Write the entries out exactly, with the final line being the one containing "Vestido midi casual Punt Roma para mujer".

+++

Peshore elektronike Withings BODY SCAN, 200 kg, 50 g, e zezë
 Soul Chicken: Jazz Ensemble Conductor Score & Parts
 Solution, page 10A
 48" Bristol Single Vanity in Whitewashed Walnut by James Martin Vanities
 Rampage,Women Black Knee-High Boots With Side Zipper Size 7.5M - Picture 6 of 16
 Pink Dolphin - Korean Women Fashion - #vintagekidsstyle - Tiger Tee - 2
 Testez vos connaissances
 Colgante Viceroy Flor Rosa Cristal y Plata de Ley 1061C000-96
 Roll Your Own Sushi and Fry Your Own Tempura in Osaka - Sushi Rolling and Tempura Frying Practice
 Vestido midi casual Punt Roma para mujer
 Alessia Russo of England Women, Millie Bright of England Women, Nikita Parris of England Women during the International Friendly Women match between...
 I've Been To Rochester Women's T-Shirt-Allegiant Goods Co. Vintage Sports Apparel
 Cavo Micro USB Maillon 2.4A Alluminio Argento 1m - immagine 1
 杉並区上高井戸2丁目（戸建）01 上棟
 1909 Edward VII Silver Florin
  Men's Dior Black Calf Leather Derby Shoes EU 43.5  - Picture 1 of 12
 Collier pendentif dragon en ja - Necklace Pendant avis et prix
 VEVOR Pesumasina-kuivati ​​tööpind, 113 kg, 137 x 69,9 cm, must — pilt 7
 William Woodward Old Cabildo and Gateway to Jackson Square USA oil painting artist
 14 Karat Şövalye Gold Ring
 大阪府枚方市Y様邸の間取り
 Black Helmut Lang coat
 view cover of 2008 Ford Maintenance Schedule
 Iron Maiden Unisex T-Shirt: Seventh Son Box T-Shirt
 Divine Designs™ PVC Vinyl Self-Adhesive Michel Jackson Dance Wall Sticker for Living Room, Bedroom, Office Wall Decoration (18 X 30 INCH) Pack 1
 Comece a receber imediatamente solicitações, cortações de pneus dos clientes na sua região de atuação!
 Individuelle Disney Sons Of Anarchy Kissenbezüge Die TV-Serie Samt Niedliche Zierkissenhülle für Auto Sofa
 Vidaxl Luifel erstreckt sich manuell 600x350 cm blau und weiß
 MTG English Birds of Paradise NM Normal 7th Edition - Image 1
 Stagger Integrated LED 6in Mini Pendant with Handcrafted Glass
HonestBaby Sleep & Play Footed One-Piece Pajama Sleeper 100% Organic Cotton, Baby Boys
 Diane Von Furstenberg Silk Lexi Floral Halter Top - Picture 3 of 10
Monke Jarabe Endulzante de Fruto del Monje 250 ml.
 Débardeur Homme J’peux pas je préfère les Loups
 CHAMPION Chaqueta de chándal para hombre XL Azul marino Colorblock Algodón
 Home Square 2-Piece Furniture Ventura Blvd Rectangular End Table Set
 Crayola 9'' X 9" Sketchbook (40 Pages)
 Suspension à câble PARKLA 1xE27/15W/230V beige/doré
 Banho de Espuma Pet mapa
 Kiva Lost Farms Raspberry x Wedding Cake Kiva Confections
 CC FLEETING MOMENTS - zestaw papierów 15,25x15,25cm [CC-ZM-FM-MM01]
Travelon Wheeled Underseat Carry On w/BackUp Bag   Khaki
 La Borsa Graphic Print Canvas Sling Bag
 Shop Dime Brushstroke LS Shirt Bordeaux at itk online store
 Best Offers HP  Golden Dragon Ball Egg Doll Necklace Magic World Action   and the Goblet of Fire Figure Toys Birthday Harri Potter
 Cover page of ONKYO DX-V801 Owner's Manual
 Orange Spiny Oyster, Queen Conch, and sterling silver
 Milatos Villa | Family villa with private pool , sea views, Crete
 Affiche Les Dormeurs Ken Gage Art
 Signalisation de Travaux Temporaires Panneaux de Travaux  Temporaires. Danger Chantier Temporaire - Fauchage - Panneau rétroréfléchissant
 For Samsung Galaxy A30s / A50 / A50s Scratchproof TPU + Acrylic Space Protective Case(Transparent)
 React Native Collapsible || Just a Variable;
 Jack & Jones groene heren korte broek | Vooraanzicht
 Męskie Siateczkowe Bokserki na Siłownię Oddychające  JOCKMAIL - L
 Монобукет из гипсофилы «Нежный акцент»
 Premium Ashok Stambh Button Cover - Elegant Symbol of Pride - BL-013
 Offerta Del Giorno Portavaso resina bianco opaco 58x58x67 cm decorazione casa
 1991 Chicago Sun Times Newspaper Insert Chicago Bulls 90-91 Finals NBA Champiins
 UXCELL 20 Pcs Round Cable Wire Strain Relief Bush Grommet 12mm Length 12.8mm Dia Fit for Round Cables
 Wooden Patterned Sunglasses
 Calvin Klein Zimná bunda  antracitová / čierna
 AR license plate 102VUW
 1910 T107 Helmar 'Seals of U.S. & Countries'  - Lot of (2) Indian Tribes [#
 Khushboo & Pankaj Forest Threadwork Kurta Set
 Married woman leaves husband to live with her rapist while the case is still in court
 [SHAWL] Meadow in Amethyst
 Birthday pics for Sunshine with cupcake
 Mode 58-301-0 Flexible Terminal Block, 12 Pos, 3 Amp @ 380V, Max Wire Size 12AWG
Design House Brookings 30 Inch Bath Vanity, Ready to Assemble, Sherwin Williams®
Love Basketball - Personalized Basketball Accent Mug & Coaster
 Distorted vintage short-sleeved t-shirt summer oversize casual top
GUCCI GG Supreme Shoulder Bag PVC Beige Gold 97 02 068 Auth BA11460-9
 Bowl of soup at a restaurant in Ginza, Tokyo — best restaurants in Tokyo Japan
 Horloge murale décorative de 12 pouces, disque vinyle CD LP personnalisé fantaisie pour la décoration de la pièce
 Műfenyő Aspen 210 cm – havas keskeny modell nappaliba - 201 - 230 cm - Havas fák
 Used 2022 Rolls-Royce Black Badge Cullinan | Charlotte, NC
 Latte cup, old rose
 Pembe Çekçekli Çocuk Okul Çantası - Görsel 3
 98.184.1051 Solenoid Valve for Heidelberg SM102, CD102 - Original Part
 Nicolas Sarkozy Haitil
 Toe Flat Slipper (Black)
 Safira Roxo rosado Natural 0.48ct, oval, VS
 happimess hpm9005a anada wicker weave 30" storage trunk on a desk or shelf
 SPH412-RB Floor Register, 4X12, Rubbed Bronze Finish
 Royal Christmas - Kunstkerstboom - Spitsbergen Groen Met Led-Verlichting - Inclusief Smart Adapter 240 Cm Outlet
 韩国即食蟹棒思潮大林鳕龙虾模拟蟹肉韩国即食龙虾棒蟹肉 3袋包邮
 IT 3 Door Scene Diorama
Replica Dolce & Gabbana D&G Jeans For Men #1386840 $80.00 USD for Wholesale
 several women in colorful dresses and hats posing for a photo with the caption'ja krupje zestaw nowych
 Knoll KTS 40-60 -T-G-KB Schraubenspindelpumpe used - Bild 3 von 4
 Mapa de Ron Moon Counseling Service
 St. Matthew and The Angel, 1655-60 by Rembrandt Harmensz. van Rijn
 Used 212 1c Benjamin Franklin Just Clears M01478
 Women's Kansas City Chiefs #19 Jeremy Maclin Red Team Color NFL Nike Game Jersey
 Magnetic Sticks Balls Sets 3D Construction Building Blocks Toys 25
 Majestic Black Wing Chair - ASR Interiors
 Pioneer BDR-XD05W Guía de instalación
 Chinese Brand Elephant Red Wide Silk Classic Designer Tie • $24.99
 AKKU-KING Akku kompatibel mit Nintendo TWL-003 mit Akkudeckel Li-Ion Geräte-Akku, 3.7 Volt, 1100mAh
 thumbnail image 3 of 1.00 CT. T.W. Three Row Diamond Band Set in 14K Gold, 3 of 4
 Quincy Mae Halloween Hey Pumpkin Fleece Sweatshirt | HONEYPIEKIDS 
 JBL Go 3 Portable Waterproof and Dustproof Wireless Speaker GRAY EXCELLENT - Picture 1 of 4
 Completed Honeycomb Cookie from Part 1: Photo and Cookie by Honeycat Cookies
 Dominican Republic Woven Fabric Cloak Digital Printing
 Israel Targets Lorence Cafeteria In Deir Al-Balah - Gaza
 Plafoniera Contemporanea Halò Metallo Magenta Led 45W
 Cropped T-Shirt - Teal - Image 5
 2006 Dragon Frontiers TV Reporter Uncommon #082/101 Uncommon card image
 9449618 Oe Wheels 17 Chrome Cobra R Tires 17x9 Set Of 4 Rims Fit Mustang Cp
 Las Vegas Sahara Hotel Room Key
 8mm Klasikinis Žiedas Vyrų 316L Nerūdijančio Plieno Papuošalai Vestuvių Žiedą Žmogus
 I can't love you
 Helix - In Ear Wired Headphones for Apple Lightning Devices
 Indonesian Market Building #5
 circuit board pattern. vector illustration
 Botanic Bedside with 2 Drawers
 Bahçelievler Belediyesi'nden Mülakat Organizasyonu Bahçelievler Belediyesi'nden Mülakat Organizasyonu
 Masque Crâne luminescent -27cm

+++

■ Exercise output:
Peshore elektronike Withings BODY SCAN, 200 kg, 50 g, e zezë
 Soul Chicken: Jazz Ensemble Conductor Score & Parts
 Solution, page 10A
 48" Bristol Single Vanity in Whitewashed Walnut by James Martin Vanities
 Rampage,Women Black Knee-High Boots With Side Zipper Size 7.5M - Picture 6 of 16
 Pink Dolphin - Korean Women Fashion - #vintagekidsstyle - Tiger Tee - 2
 Testez vos connaissances
 Colgante Viceroy Flor Rosa Cristal y Plata de Ley 1061C000-96
 Roll Your Own Sushi and Fry Your Own Tempura in Osaka - Sushi Rolling and Tempura Frying Practice
 Vestido midi casual Punt Roma para mujer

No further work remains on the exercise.